Monday morning I got up and turned to my favorite mainstream media outlet, Facebook, to see what was going on in the world. According to many posts in my news feed, controversy was brewing over the new Miss America, who was born in New York to parents of Indian ancestry. Many people had taken to Twitter the night before with an onslaught of racist and otherwise demeaning remarks, much to the consternation of U.S. media and bloggers everywhere.
First, I was surprised that the pageant still exists. Then I was curious if contestants still parade around in swimsuits. I Googled it, and holy mother of all that is sacred and feminine, they do. Because it’s a “scholarship” pageant, and what better way to judge a contestant’s scholastic merit than by seeing her in a bikini? Finally I wondered how people knew who won. Do people pay for cable TV and choose to watch beauty pageants? Apparently they do. And some of those people feel compelled to spew ignorance in a public forum like Twitter.
Later in the day I saw a few links to the shooting spree at a Washington Navy Yard. At least a dozen people died and more were injured when a civilian subcontractor drove onto the grounds of the Navy Yard, walked into Building 197, went to the fourth floor, and opened fire on the crowded atrium below. Despite a criminal history that led to his discharge from the Navy, and a documented escalation of mental health issues, the shooter had security clearance to the Navy Yard and had legally purchased the shotgun he used that day. Reactions to this news verged on resignation. Surprise, surprise: another mass shooting.
But back to Miss America. It turns out many pageant viewers were disappointed that Miss Kansas didn’t win. According to these indignant patriots, a blonde Army sergeant who enjoys hunting, archery, and shooting M16 rifles clearly loves her country more than a dark-haired, dark-skinned New Yorker who recently graduated from the University of Michigan with honors and dreams of becoming a cardiologist. I mean, Miss Kansas is definitely not an Arab Muslim extremist like Miss New Y—wait, what?

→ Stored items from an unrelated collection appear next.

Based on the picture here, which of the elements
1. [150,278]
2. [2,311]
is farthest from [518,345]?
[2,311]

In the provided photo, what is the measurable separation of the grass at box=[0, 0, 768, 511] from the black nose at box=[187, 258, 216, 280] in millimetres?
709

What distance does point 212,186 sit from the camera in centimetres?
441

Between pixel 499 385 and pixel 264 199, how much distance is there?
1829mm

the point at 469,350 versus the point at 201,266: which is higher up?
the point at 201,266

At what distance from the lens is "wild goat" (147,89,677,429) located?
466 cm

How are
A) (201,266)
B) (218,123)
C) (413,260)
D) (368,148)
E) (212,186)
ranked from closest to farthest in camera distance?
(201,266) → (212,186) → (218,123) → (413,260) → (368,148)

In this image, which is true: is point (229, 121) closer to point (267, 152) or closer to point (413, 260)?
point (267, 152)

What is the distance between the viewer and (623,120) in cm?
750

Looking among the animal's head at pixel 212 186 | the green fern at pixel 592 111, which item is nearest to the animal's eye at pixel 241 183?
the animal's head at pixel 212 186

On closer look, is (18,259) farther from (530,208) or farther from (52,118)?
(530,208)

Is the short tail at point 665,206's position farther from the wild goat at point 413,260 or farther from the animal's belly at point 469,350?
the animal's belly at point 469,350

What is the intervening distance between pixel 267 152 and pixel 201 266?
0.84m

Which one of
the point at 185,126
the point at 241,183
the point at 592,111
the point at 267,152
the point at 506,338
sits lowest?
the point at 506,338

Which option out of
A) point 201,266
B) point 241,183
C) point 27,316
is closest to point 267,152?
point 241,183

Yes, hundreds of Tweets claimed that the new Miss America was a terrorist.
We act shocked when stupid people say hateful things with which we don’t agree, but what is the point of our outrage? We won’t convince bigots that they’re wrong. We won’t eradicate racism or any other prejudice by being offended by it. We don’t have to like what bigots say on Twitter. In fact, we could just ignore them because they’re strangers who have no role in our lives.

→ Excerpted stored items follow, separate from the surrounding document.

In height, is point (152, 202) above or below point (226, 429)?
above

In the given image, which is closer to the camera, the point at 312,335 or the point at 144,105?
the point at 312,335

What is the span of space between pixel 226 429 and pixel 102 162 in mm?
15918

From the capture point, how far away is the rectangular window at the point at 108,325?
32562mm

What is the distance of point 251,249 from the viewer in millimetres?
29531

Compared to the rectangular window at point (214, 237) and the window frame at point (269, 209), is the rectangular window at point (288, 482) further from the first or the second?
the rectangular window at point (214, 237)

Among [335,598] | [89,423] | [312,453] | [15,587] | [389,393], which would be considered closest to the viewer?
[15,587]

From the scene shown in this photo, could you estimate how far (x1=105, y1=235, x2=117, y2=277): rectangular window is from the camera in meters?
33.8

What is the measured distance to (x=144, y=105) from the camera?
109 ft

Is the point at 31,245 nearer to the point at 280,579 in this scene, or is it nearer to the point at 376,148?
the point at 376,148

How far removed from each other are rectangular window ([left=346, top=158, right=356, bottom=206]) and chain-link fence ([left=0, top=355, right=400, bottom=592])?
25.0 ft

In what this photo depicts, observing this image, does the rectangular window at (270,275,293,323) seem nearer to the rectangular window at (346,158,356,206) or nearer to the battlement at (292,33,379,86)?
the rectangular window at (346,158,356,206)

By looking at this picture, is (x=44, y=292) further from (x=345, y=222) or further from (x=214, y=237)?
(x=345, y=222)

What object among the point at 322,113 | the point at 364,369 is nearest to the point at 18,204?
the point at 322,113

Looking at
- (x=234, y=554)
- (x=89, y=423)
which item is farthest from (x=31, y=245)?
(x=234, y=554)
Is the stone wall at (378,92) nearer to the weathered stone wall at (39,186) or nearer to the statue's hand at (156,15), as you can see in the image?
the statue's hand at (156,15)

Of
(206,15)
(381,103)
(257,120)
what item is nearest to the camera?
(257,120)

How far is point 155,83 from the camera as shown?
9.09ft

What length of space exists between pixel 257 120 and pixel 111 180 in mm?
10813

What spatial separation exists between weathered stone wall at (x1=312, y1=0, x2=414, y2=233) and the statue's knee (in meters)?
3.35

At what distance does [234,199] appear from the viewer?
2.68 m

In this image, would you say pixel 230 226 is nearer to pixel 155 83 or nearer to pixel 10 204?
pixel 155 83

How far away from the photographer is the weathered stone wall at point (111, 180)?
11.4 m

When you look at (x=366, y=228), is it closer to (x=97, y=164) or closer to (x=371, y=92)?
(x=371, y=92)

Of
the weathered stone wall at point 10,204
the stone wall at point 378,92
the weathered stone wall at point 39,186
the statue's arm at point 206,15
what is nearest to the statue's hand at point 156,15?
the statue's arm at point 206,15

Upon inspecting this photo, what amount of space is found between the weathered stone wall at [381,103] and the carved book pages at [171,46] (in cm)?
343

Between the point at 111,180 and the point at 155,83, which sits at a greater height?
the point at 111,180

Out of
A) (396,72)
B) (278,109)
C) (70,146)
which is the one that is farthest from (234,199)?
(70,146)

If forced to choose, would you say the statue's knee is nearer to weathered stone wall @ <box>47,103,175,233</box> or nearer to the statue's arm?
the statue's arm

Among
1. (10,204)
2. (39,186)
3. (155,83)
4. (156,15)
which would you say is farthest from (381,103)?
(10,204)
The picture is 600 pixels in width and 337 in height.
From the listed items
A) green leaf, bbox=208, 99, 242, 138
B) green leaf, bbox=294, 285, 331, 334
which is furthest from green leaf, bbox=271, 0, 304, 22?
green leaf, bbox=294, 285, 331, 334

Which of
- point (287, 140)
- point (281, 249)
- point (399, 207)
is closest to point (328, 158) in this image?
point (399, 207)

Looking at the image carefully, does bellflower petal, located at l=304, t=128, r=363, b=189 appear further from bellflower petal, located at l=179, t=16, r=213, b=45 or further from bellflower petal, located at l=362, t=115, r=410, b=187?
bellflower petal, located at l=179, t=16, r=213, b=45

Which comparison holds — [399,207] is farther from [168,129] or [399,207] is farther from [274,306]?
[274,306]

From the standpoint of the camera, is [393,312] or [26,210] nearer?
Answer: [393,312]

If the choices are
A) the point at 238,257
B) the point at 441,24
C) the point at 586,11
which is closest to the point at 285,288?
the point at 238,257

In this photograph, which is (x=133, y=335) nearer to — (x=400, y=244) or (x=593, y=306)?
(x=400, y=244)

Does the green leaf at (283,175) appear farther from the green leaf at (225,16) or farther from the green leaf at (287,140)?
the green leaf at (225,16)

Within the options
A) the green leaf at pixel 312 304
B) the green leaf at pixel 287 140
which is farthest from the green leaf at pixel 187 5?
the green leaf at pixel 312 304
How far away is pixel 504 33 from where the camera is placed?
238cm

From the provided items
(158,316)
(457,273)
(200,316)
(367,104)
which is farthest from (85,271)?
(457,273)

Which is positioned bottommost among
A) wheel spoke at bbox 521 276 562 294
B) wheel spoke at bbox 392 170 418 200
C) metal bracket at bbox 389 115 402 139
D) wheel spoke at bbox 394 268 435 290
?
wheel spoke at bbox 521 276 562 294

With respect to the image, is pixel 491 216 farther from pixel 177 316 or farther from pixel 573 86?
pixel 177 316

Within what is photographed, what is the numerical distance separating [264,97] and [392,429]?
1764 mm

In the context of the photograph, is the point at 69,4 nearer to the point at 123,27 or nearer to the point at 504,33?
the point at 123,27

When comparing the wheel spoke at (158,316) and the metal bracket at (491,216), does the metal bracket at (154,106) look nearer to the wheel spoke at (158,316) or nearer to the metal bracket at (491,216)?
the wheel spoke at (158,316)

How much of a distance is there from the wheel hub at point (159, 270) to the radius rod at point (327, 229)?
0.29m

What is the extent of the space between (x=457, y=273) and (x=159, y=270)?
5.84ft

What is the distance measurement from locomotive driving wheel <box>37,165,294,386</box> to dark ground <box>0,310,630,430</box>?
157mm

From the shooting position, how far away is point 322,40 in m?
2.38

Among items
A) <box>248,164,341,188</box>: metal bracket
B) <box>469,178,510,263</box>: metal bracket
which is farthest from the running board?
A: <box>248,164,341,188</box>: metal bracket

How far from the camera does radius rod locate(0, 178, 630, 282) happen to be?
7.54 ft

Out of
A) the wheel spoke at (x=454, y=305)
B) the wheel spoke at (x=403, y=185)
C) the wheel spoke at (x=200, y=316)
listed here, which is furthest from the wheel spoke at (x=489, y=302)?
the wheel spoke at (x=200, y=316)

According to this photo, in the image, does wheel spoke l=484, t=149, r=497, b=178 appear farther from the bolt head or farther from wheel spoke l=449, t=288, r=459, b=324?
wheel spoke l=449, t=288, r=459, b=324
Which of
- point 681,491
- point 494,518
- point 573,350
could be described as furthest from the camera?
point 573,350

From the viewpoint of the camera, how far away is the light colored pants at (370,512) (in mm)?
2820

It’s not illegal to be stupid or ignorant. It isn’t a crime to be a racist, sexist, homophobic, intolerant imbecile. It is a crime to act on those beliefs, through discrimination or violence. But we live in a country where the First Amendment guarantees everyone the freedom to express their stupid, ignorant opinions on Twitter, Facebook, Reddit, or other social media.
And we are equally free to ignore them. I am not proposing we ignore prejudice. I’m positing that the best way to address it is not by giving airtime to strangers on social media, but by finding ways to combat it in real life. In the dark corners of our own subconscious, in conversations with people we know, within the broader realm of activism.

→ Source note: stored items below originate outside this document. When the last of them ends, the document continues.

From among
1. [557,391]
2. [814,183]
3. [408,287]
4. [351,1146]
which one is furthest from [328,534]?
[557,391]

I would argue that the same principle applies to any scandalous public behavior that isn’t illegal. Why do we pay so much attention to the latest celebrity indiscretion? Why does the media spend days or even weeks dissecting possible motivations and repercussions of a cheating politician, the cover of a magazine, a singer’s raunchy performance?
Scandals are as fleeting as attention spans are short. Taking a stand on the controversy du jour—writing, reading, and talking about it—is easier than forming a cogent opinion of one of the countless ongoing social, political, or economic issues that affect people worldwide. The old saying, “If it bleeds, it leads!” has been replaced with, “If it twerks, it works!”
Some pop culture chatter is fine, obviously. Most people don’t want to bump into a colleague at work and debate gun control or U.S. foreign policy. Laughing about celebrity gossip or political gaffes is arguably more appropriate when talking to acquaintances.
Nor am I suggesting that we should ration our outrage or grief. One can be annoyed by an arrogant rant by Jonathan Franzen and still be horrified by the possibility of a U.S. airstrike in Syria. Yet sometimes we are so easily distracted by “light” news that we lose perspective. We fail to talk about or perhaps even pay attention to what’s happening outside our bubble.
So what about our internal dialog, or our conversations with close friends and family? If we haven’t bothered to read past the screaming headlines, how will we feel connected to the rest of the world? How can we be part of the larger community if we are unaware of its beauty and cruelty, its joys and tragedies?
Not everyone cares to venture outside of their comfort bubble. Because of that, news outlets are in a position where they must resort to “click bait” in order to make enough advertising money to pay for high quality reporting. As a result, much under-reported news—both bad and good—is eclipsed by media coverage of pop culture. That disconnect perpetuates the cycle of ignorance. Ignorance can lead to prejudice, and that prejudice will end up on Twitter.
While Miss America contestants prepared to compete for a crown, a sash, and their share of $360,000 in scholarship money, Jonathan Ferrell, a 24-year-old former Florida A&M football player, was fatally shot by police in North Carolina as he sought help after escaping from a serious car accident. He was black, and he was “moving toward” police officers.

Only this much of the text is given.